- [BRIEF]:
Output only the stretch of the listing that starts at the line containing "IMEEA Cooking Spoon" and ends at the line containing "Rezept gelbes Curry", reproduced exactly with both ends.

INFORMATION SUPPLIED Block Start

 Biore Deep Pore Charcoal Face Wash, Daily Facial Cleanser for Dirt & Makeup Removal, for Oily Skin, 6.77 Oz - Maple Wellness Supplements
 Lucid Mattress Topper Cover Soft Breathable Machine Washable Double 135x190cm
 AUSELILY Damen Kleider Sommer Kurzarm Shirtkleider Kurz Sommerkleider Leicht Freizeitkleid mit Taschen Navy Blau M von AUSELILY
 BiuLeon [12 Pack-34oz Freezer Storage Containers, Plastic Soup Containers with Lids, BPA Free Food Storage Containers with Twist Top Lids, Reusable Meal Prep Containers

INFORMATION SUPPLIED Block End
INFORMATION SUPPLIED Block Start

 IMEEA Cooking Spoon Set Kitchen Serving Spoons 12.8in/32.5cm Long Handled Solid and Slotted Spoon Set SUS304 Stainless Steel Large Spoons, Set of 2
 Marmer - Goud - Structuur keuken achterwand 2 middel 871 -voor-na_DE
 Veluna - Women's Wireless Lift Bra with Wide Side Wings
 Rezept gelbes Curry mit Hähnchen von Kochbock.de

INFORMATION SUPPLIED Block End
INFORMATION SUPPLIED Block Start

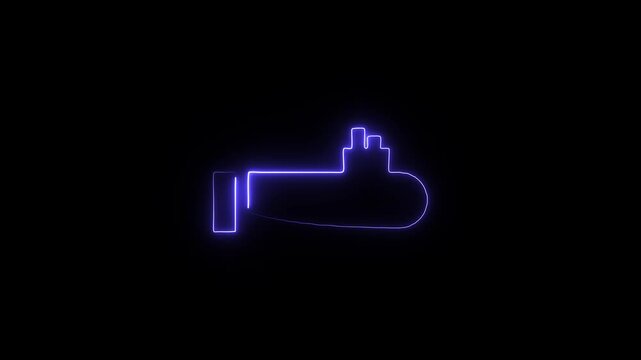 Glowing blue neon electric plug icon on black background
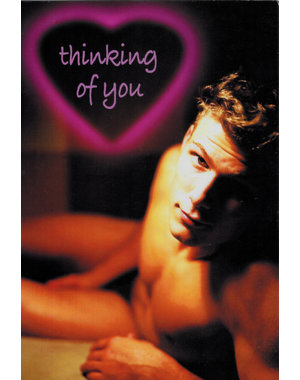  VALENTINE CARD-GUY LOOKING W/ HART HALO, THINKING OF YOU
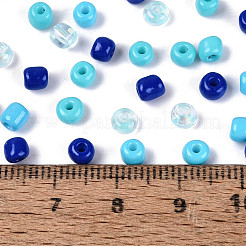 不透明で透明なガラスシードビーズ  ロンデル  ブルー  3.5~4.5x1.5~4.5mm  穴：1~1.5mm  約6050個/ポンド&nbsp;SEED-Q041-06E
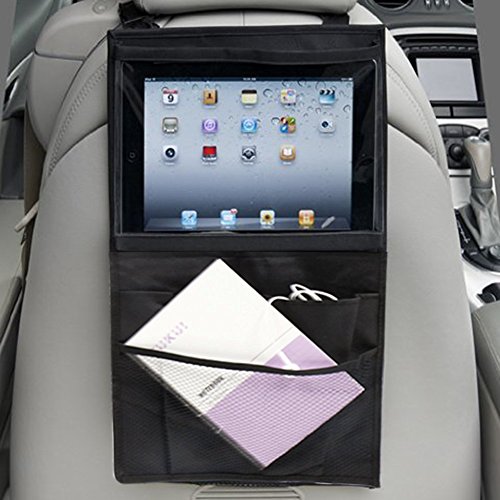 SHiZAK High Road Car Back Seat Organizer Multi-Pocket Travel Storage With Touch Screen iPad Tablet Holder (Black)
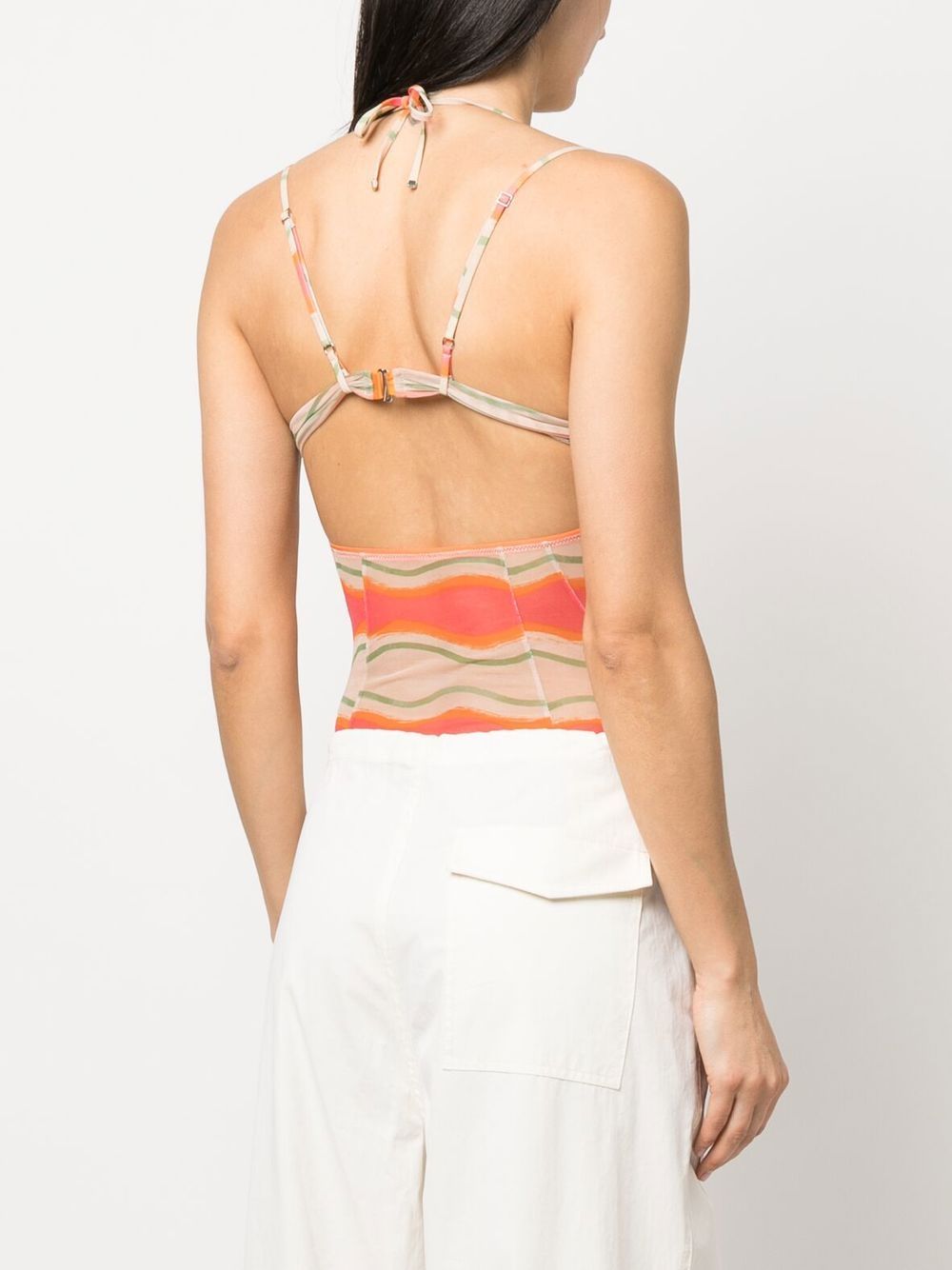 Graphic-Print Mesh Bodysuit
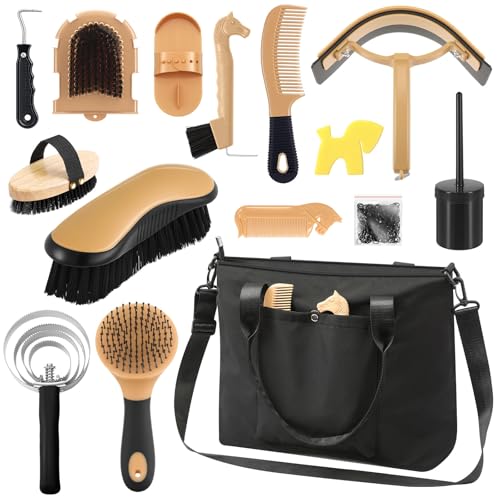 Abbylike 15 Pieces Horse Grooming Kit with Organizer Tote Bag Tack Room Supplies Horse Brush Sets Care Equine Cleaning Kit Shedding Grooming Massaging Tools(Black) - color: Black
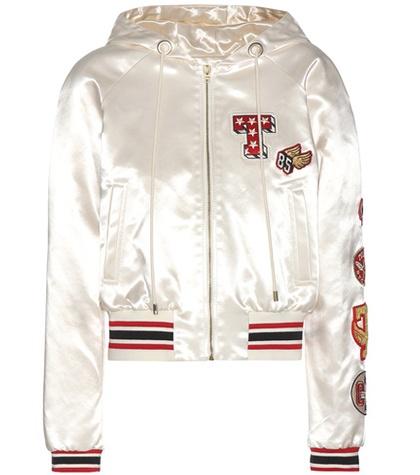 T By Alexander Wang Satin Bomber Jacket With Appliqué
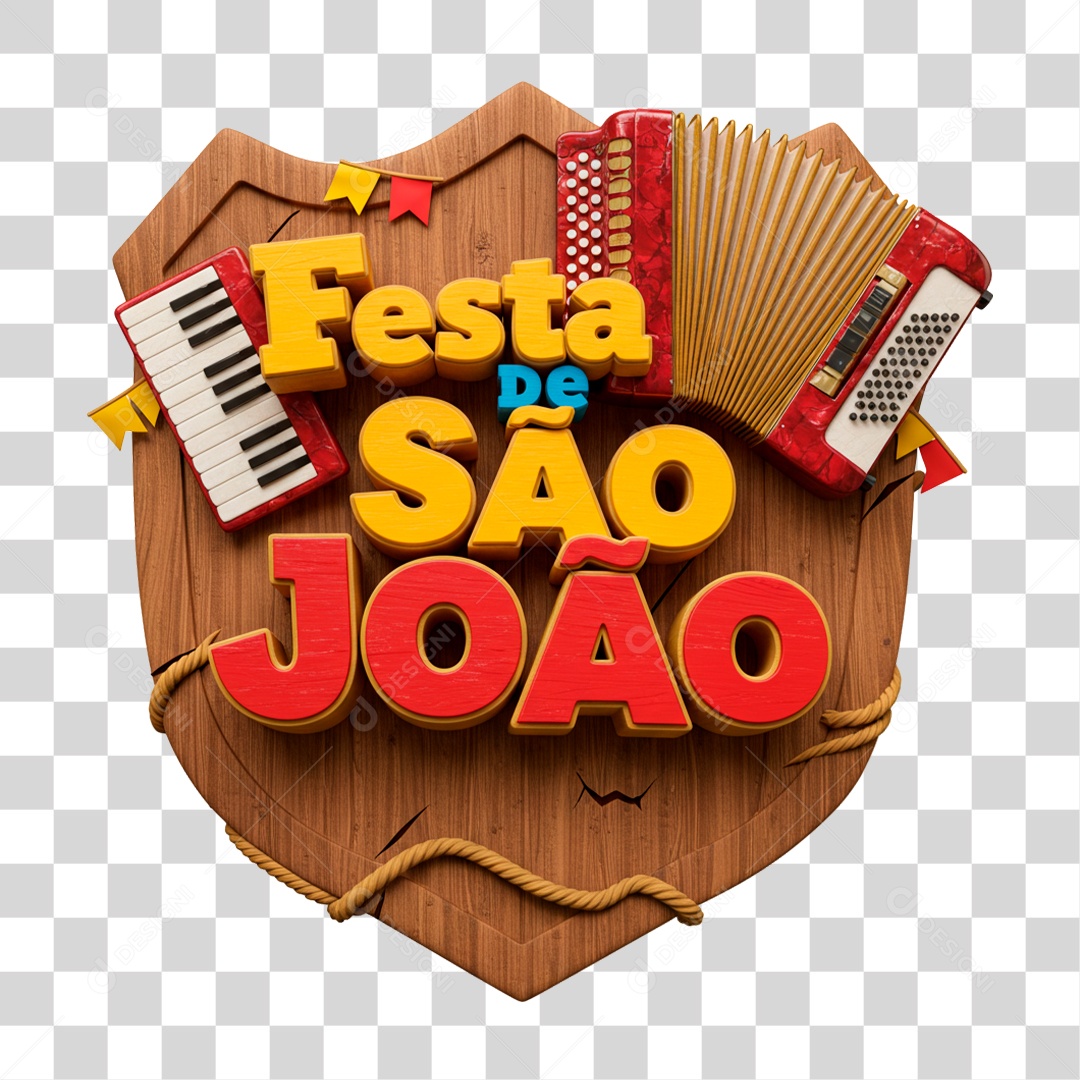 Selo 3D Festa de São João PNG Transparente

INFORMATION SUPPLIED Block End

- [FINISHED EXERCISE]:
 IMEEA Cooking Spoon Set Kitchen Serving Spoons 12.8in/32.5cm Long Handled Solid and Slotted Spoon Set SUS304 Stainless Steel Large Spoons, Set of 2
 Marmer - Goud - Structuur keuken achterwand 2 middel 871 -voor-na_DE
 Veluna - Women's Wireless Lift Bra with Wide Side Wings
 Rezept gelbes Curry mit Hähnchen von Kochbock.de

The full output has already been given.